我馋得急赤白脸不管用,我奶奶还在不紧不慢地转石磨呢,看石磨转一圈,再转一圈,叽咕叽咕地吐米浆,在我的回忆里和它一起转圈的还有我赤脚跑进的那个大厅。在那个“回”字风格的房子里,四四方方的敞亮地方是大厅。如果从空中看,这个“回”字风格的房子一定像一个盒子,这个四四方方敞亮的地方就是盒子底儿,是整个建筑容量最大的地方,大门一封,这个四方房子就是一个堡垒了,四面是高墙和房顶,很易防盗。这样群居在一起的一大家,谁家厨房飘出锅边糊的香味,会浓浓地聚在大厅的空间里,这道美味有时候会在半上午送到田间当点心犒劳家里的壮劳力,偶尔会当午饭,在家家吃红薯丝稀饭的上世纪七十年代,闻到锅边糊的鲜香味道,谁不馋掉口水?

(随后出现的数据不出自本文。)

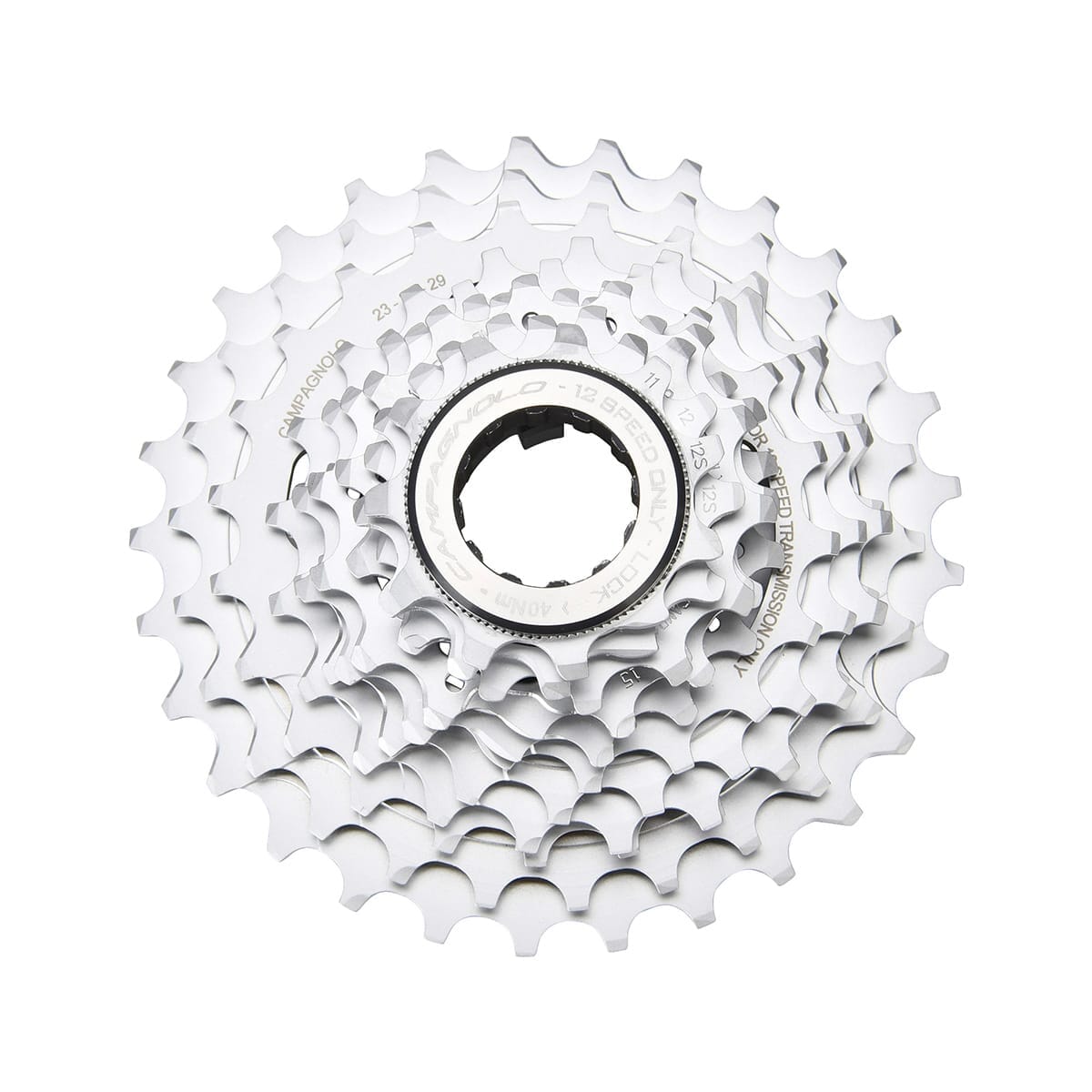 Kaseta 12V CAMPAGNOLO CHORUS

哦,我童年的石磨!它带给我的第一美味就是这道锅边糊了!没有石磨就没有锅边糊,想吃锅边糊,必得有盘石磨把大米磨成米浆!于是,离开老家村庄的人,无论是父亲还是我,多年因为没有石磨,再也没有吃到奶奶做的这道锅边糊!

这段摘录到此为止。